* [DATA FOR THIS TASK]
________________________________________

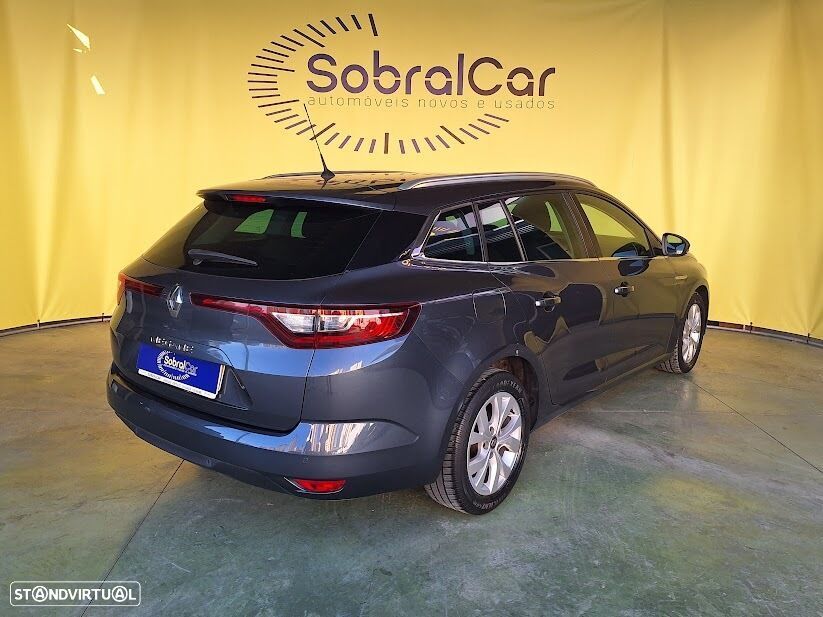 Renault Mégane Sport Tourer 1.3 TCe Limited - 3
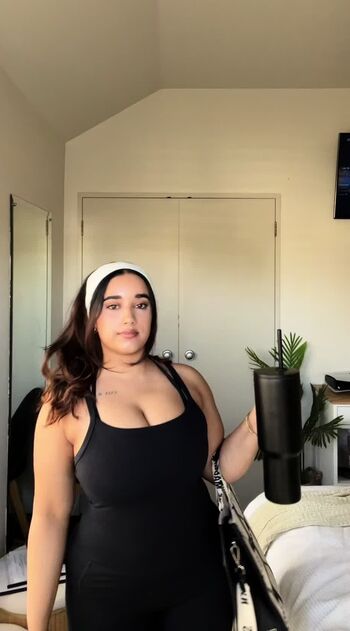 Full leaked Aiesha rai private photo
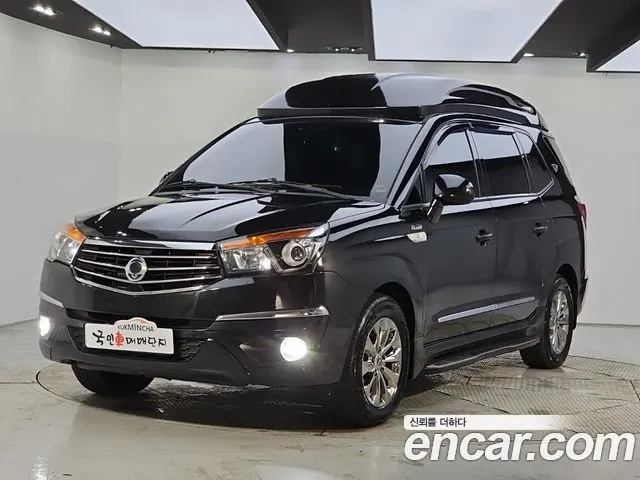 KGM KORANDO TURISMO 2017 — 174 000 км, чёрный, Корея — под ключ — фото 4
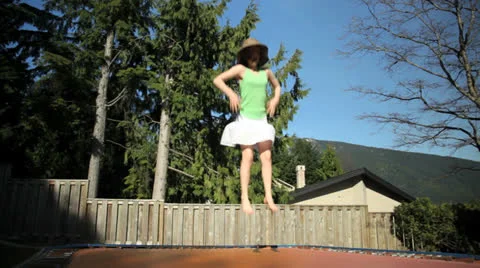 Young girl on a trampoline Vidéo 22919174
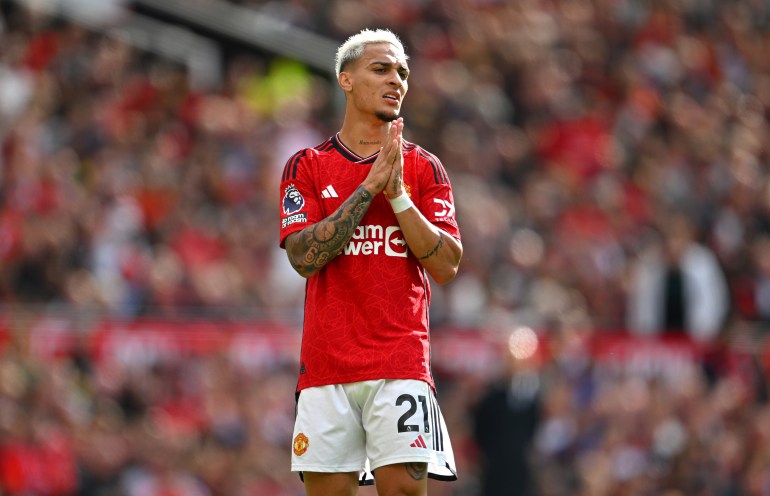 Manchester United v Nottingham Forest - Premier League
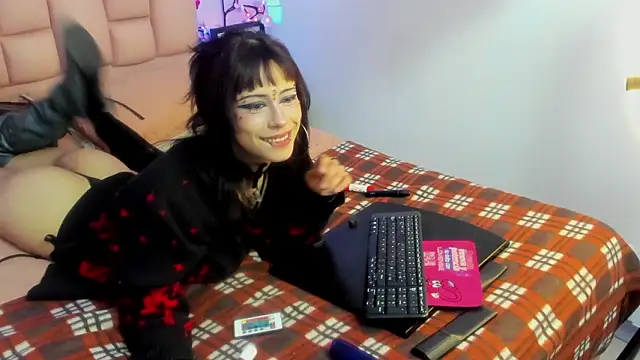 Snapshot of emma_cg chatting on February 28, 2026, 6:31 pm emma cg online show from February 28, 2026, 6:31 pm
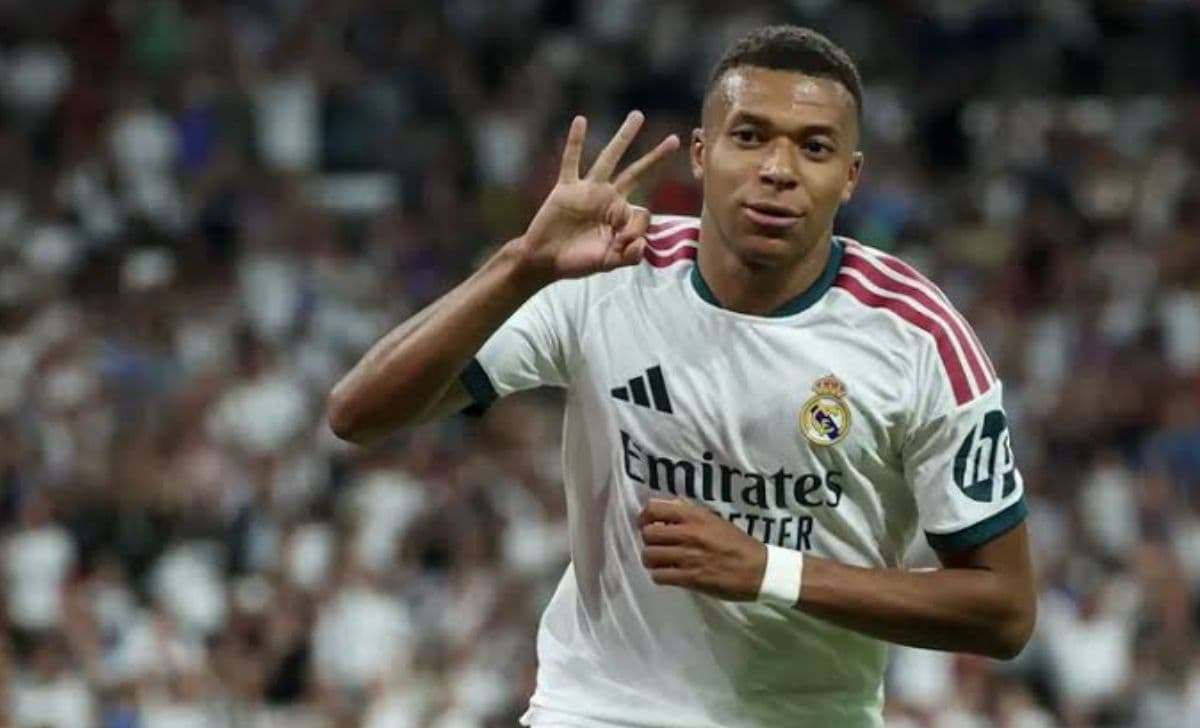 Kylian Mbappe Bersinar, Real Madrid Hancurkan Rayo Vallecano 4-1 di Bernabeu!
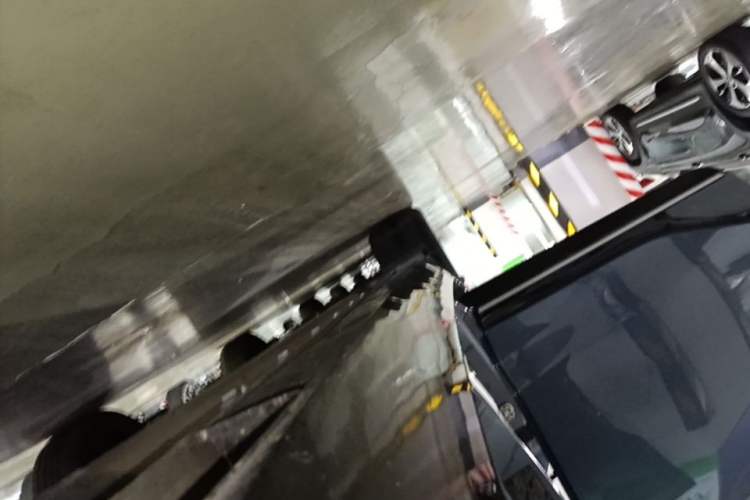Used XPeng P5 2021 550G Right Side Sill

________________________________________

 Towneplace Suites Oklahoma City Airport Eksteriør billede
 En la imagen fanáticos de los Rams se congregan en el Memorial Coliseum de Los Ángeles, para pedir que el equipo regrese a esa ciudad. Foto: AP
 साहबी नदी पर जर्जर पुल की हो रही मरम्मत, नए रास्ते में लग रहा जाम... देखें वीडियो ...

________________________________________

* [TASK STATEMENT] Pictures are to be left out. Write out only the lines above starting at the one with "Renault Mégane Sport" and ending at the one with "Used XPeng P5 2021 550G Right Side Sill", both lines included, exactly.

* [TASK RESPONSE]
 Renault Mégane Sport Tourer 1.3 TCe Limited - 3
 Full leaked Aiesha rai private photo
 KGM KORANDO TURISMO 2017 — 174 000 км, чёрный, Корея — под ключ — фото 4
 Young girl on a trampoline Vidéo 22919174
 Manchester United v Nottingham Forest - Premier League
 Snapshot of emma_cg chatting on February 28, 2026, 6:31 pm emma cg online show from February 28, 2026, 6:31 pm
 Kylian Mbappe Bersinar, Real Madrid Hancurkan Rayo Vallecano 4-1 di Bernabeu!
Used XPeng P5 2021 550G Right Side Sill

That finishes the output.